Eighteen Visions is an American metalcore band from Orange County, California, formed in October 1995. The band broke up in April 2007, less than a year after their major label debut was released through Epic and Trustkill Records. After over a decade of absence, the band reformed in 2017. They announced their sixth album, XVIII, would be released via their new label home at Rise Records.

==History==

=== Beginnings, Yesterday Is Time Killed and Until the Ink Runs Out (1995–2000) ===
Eighteen Visions was founded in October 1995 by James Hart, Dave Peters, Billy Sisler, and Kenneth Floyd under the name Macabre. The band wrote a bit of material and started to play shows, beginning at the Koo's Cafe in early 1996, in their local area. Soon after, Excessive Force's Jeff Boullt was added to the mix as a second guitarist, and in March, Sisler left the group and was replaced by Richie Taylor. Taylor only lasted a short while, and Javier Van Huss soon took over the bass duties. Later in the year, Boullt also left the band, and Brandan Schieppati was added to complete the group's first stable line-up.

In a 2017 interview, Hart explained that the band got the name Eighteen Visions from a lyric off the song "Slipping Through the Hands of God", though he could not recall the name of the song. The lyric stated "I depict eighteen visions for its demise". Hart explained that the number eighteen came from the number of the beast, as 6+6+6 = 18. Hart elaborated that at the time he was anti-religion and anti-Christianity, and as a 16 year old metalhead, was trying to write the most evil thing he could think of. He stated that the name holds no weight or depth towards the band or any of its members, but was "something that sounded super cool back in 1996."
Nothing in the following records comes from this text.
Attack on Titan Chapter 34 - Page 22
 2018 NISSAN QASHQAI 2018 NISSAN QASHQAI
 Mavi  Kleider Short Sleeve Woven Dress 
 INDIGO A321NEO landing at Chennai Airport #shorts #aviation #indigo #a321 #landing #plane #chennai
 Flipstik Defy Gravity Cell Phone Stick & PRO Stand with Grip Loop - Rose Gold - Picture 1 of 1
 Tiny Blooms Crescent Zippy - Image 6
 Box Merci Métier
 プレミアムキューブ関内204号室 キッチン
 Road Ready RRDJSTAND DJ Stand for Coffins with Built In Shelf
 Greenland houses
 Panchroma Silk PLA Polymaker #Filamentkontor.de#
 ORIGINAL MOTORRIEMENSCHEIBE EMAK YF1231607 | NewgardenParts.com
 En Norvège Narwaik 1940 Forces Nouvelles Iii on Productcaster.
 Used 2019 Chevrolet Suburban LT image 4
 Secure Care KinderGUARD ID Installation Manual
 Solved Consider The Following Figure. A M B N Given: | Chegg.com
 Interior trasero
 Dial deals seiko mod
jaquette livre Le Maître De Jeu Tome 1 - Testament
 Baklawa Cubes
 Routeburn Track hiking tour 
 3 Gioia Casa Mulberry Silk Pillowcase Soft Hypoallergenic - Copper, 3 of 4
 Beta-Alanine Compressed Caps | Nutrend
Their debut release, Lifeless was released on Life Sentence Records in 1997. Shortly after, Peters left the band to focus on playing with Throwdown (which Schieppati also played with), and Steve Parilla replaced him for the EP's tour. The first full-length album, Yesterday Is Time Killed was released by Cedargate Records (the label of Zac Phelps, who was at the time a temporary bassist in the band) in March 1999. The band was brought to the attention Trustkill Records, which was still in its early beginnings. The label released the No Time for Love 7-inch in October 1999. Keith Barney, Schieppati's bandmate in Throwdown, then joined the band to replace Parilla. Ten months after the 7-inch, their second full-length Until the Ink Runs Out was released. It became one of the label's best-selling albums, which led to a lot of the band's earlier material getting bought out and going out of print.

In November 2000, it was announced that Eighteen Visions would be doing a split 7-inch vinyl with Poison the Well for Undecided Records. The split for Undecided Records was to feature a Metallica cover from each of the bands as part of the record label's Crush 'Em All series, which had already seen a split by Shai Hulud and BoySetsFire released as Volume 1 in March 2000. Poison the Well and Eighteen Visions were to be the third release in the series with a tentative release date for the summer of 2001. In January 2001, the Crush 'Em All series switched from 7-inch vinyl to compact discs. Due to complications with Trustkill Records the two bands were unable to recorded their songs and the split was shelved. Javier was asked to leave the band after touring for Until the Ink Runs Out, and was told he would be replaced by Mick Morris of the band xClearx. Javier played two remaining shows with the band and went on to tour for Poison the Well.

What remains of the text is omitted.